==== EXTRACTED DATA

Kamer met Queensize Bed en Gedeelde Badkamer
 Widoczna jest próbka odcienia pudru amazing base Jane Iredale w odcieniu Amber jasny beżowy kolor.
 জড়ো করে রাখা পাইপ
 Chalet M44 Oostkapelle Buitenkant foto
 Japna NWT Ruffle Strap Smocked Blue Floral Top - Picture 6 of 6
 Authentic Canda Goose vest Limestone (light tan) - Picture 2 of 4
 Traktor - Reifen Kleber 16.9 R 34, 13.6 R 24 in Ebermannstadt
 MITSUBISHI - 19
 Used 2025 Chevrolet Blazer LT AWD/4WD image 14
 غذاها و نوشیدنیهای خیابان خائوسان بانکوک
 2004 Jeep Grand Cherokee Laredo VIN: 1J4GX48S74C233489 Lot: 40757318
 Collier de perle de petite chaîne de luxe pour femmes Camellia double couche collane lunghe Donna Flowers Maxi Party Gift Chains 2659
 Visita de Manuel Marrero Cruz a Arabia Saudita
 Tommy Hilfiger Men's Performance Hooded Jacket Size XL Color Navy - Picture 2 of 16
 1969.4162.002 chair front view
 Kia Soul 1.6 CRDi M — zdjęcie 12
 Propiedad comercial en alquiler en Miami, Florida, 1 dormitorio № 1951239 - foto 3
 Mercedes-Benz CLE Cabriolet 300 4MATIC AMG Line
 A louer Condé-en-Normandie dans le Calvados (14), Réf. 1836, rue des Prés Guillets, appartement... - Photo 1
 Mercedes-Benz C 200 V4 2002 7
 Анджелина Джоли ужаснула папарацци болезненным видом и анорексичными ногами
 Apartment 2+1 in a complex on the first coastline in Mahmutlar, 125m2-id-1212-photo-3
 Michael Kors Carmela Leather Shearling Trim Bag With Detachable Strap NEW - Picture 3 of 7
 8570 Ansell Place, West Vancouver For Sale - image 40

========

» **ASSIGNED TASK**
Find the string "foto" in the material above, and report every line where it occurs.

» **RESULT OF THE EXERCISE**
 Chalet M44 Oostkapelle Buitenkant foto
 Propiedad comercial en alquiler en Miami, Florida, 1 dormitorio № 1951239 - foto 3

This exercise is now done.